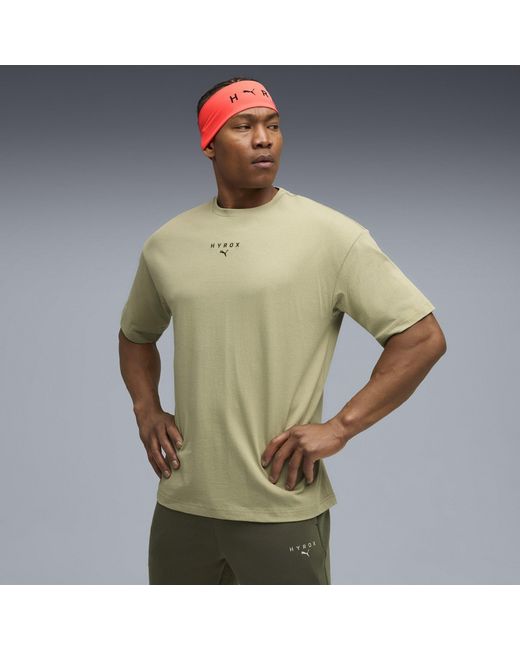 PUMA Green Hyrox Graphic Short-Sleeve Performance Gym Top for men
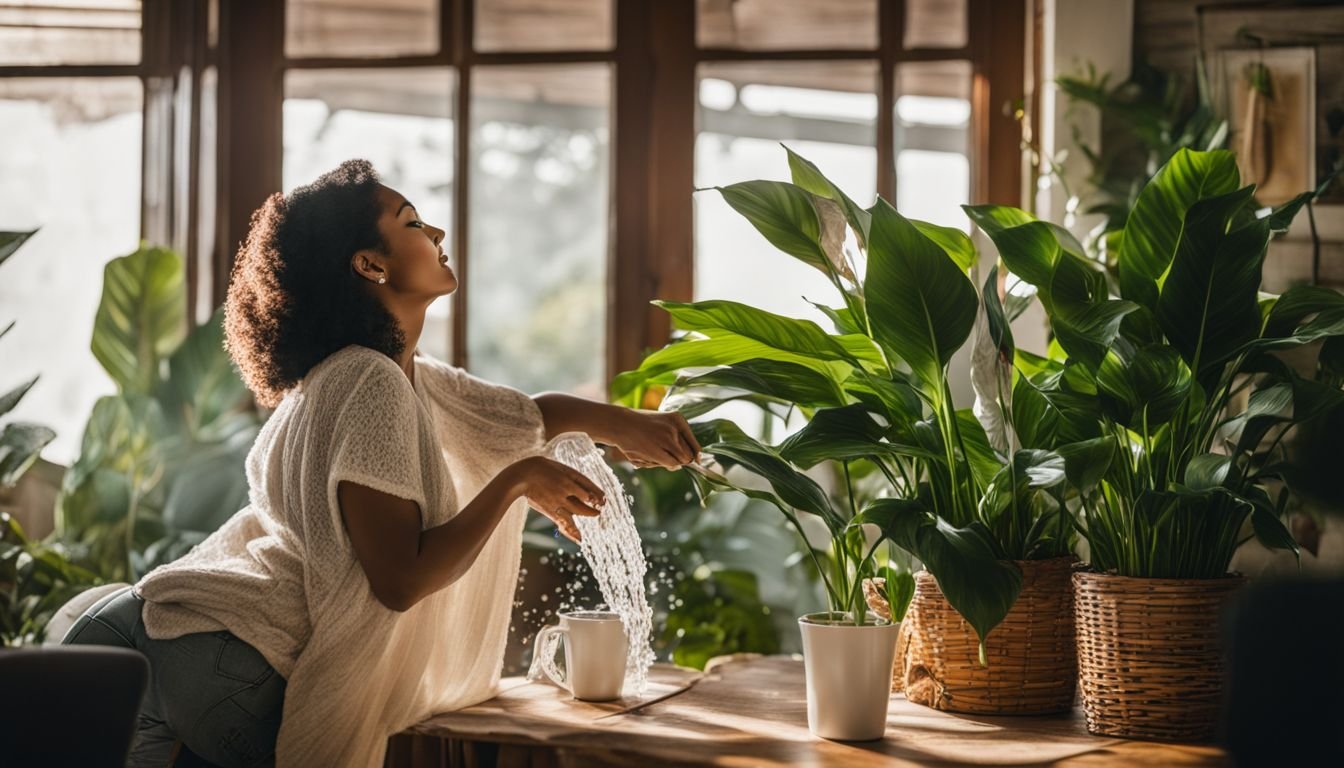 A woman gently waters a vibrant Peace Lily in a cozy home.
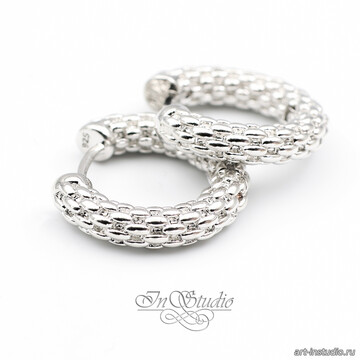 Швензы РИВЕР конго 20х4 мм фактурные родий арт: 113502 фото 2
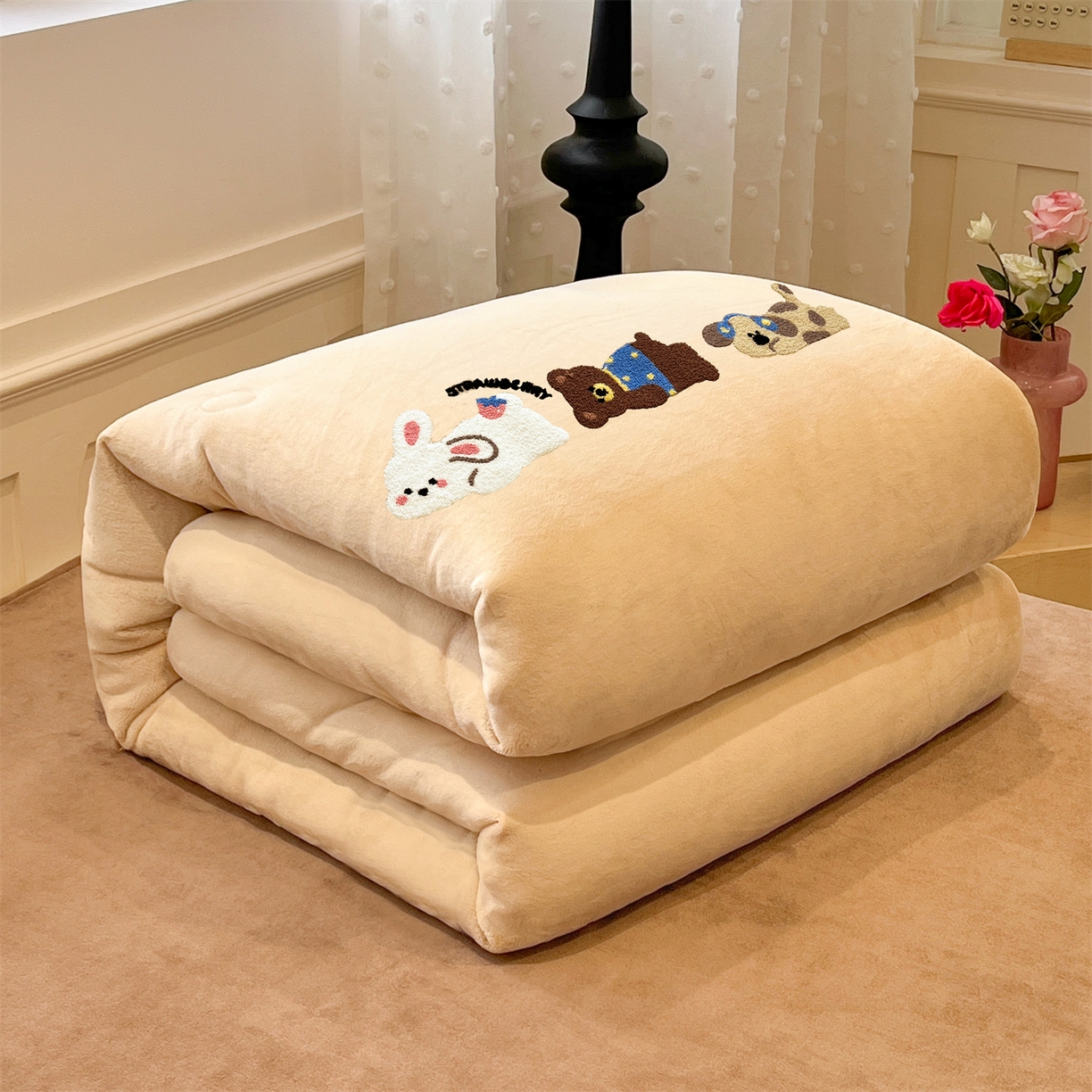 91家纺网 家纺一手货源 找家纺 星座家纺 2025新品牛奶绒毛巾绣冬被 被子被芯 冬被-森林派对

* * *

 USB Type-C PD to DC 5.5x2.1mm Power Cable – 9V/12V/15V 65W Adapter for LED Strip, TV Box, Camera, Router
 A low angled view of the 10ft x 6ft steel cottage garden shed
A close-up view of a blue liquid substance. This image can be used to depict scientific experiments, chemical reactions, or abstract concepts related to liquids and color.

> [What is required]
Look above for the line with "A woman gently" and the line with "91家纺网 家纺一手货源 找家纺", then copy exactly the lines from the first through the second, both kept, with no pictures.

> [Written solution]
 A woman gently waters a vibrant Peace Lily in a cozy home.
 Швензы РИВЕР конго 20х4 мм фактурные родий арт: 113502 фото 2
 91家纺网 家纺一手货源 找家纺 星座家纺 2025新品牛奶绒毛巾绣冬被 被子被芯 冬被-森林派对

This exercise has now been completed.